As described hereinbefore, the sheet P in the nip N is always in
close contact with that part of the film which is free from any
crease because of the tension applied thereto, and is moved
together with the film 21. Therefore, non-uniform heating,
non-uniform fixing or the like can be prevented.
The heat resistive film 21 experiences the tension only at a part
thereof (N,N and B) during driving or non-driving thereof. More
particularly, when the heat resistive film 21 is not driven, as
shown in FIG. 6, the heat resistive film 21 is tension free at
almost all of the portions thereof, except for the nip portion; and
when the heat resistive film 21 is driven, almost all of the
portions except for portion N and portion B. In addition, the heat
resistive film 21 may have a shorter circumferential length.
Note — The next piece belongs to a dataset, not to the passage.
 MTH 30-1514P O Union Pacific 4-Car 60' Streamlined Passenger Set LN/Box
For
these reasons, the torque required for driving the film may be
small, the structure of the film and the driving mechanism are
simplified, and the size and the cost thereof are reduced.
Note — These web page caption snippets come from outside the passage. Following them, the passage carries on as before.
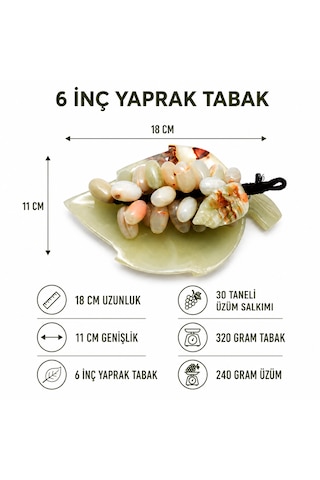 Doğal Oniks Taş Yaprak Tabak & 30 Taneli Üzüm Salkımı Feng Shui Dekor Objesi Bej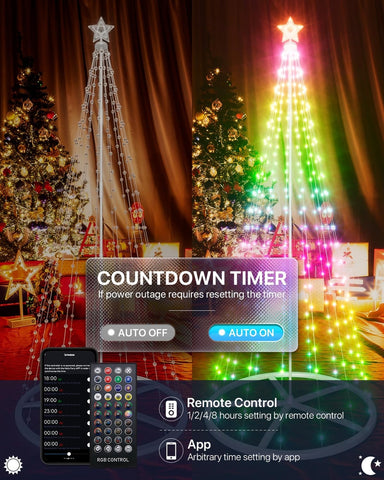 9Ft Lighted Christmas Tree Outdoor, Smart LED Christmas Cone Tree Light, DIY ...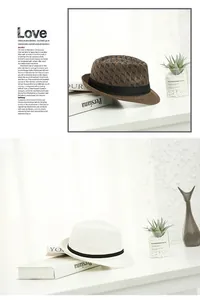 Classic straw fedora hats in coffee textured weave and plain white with black bands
Since tension is applied only in a part thereof irrespective of
driving and non-driving thereof, the lateral shifting force to the
heat resistive film 21, if any, in the direction, for example, of Q
or R in FIG. 2, is small.
Therefore, even if the heat resistive film 21 is laterally shifted
in the direction Q or R to such an extent that the left or right
edge of the heat resistive film 21 abuts the inside surface of the
jaw 22a of the left flange 22 or the right flange 23, the lateral
shifting force is so small that the rigidity of the heat resistive
film 21 overcomes the lateral shifting force, and therefore, the
edges of the heat resistive film 21 are not yielded or damaged. The
lateral shift preventing means may be simple flanges. This also
contributes to the simplification of the structure of the apparatus
and the reduction of the size and the cost of the apparatus.
As for an alternative for the lateral shift preventing means, the
heat resistive film 21 may be provided with ribs at the lateral
edges which are confined against the lateral shift.
The reduction of the lateral shifting force as described above,
makes it possible to reduce the rigidity of the heat resistive film
21, so that the thickness of the film and therefore the thermal
capacity of the film can be reduced to further improve the quick
starting of the apparatus.
The description will be made as to the film. For the purpose of
lower thermal capacity in view of the quick start of the apparatus,
the total thickness of the film is not less than 100 microns,
particularly, 40 microns, and not more than 20 microns. It may be a
single layer or multiple layer film having good heat resistivity,
parting property, mechanical strength resistivity or the like.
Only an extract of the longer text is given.